At this early stage less is more – only focus on the essentials. Do not be tempted to fill in all the gaps and fill up the space on the home or landing pages you are sketching. That level of detail will come later. Drawing out the site pages helps everyone involved to visualize what you are doing. Getting everyone on the same page, literally, is critical to understanding where the design will succeed and where it needs more help. In 90% of our designs the first sketches happen on the white board and are then transferred in more detail to paper or wireframes online.

Who should be involved in the prototype?

If you’re doing this for yourself then you may only need to include your business partner/s and a competent web designer. If you’re a design firm the clients core team and your core design team will be involved. Ideally you want the prototyping team to be as small as possible. Inviting more people doesn’t invite better input.

Once you have your prototype sketched out get feedback and sign-off so you don’t end up going in circles. This can be difficult if the client needs additional team members involved to get approvals. Try educating your clients that this process is not to secure approval on the aesthetics or functional elements but rather on the layout and navigation of the future site or app.

From sketch to actual web design

Although it can be useful to start testing your sketched designs with real users at this point we don’t recommend it. In the 200+ projects we have done using prototyping we have found it’s faster to get a more coherent design together before starting the testing. User testing is not expensive if you adopt the methodologies set out by Steve Krug so it shouldn’t matter either way.

To achieve the speed of execution our clients expect we move directly from sketches to Photoshop mock-ups. The client reviews these mock-ups and any changes required are made immediately. Because we publish the designs to the web via Basecamp, we find progress is only limited by the speed at which we can get feedback. In some case we’ll move from sketches to HTML/CSS immediately so we can make updates even faster. This can only be achieved if you have signoff on a template or you are working on an existing design template that doesn’t need to be updated.

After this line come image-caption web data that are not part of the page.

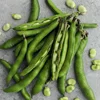 Salted Broad Bean with skin, Fava Beans,Kosher snacks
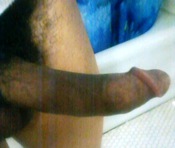 70923 - Black Cock Gallery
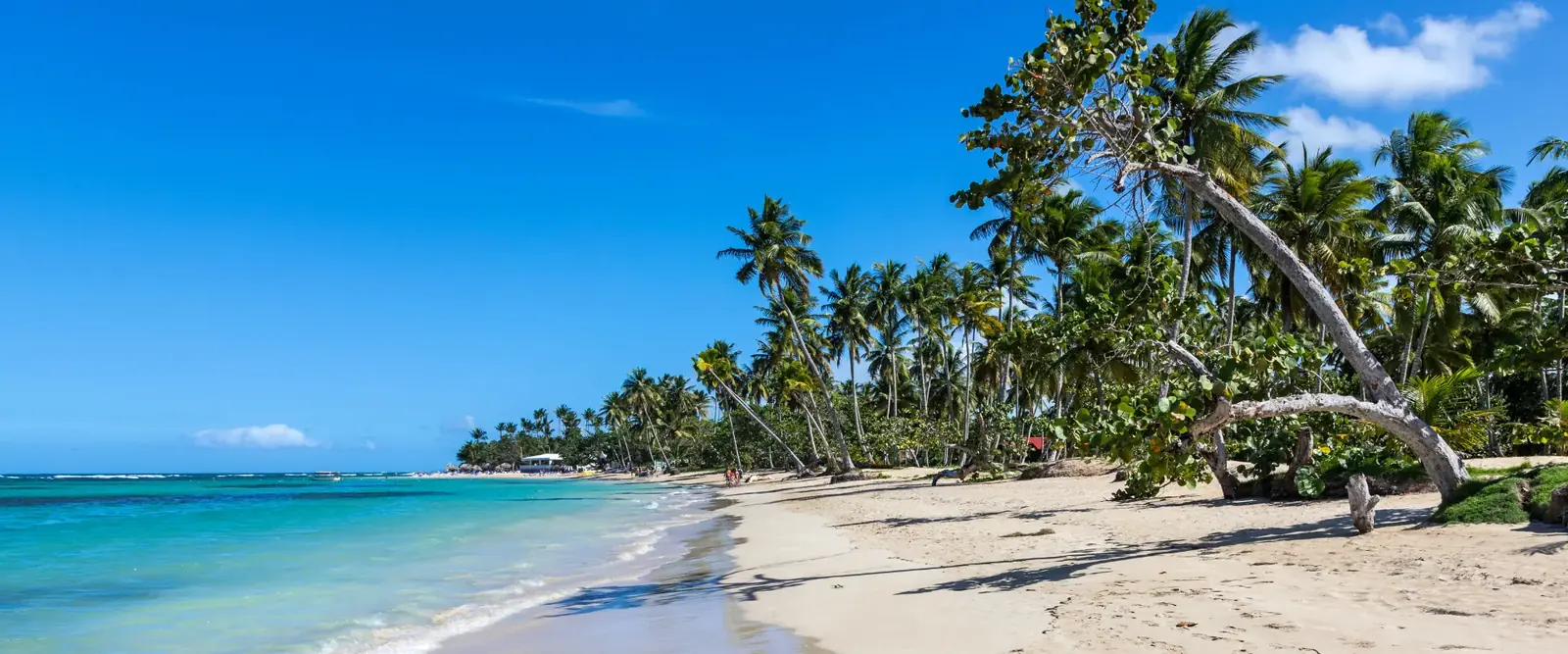 Playa de arena blanca con palmeras en República Dominicana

To Prototype or Not To Prototype?

I’m sure everyone reading this blog would agree that the user interface is one of the most important parts of any application. Without doubt the UI affects the customer experience more than any other element because it determines how easily you can get what you want from the website. As over a decade of living with the web has taught us, a web application with a poorly designed user interface has little value.

We’ve always preached that when creating a new web app starting with the user interface makes more sense than beginning with the data model. On one hand as traditional MVC (Model-View-Controller) frameworks have evolved there is more emphasis on the role of the UI (or View) elements. Unfortunately there is an entire generation of data experts and architects that don’t like this idea. We still here of businesses that decline to do any web prototyping before building their applications. I’m a little disappointed that there is still resistance to a UI or prototyping first approach. The advantages are enormous, especially for startups and new internal projects.

As we have noted before in previous posts about the advantages of web prototyping, prototyping can improve the quality of requirements and specifications provided to developers. User testing the prototype gets the potential bugs out the way so much sooner. The web prototype being tested by the user prevents many misunderstandings and miscommunications that might occur between the designers and developer. Changes to the data and application layers cost exponentially more to implement as they are detected later in development, the early determination of what the user really wants always results in faster and less expensive web apps. Because web prototyping requires user involvement and allows them to see and interact with a prototype allowing them to provide better and more complete feedback and specifications.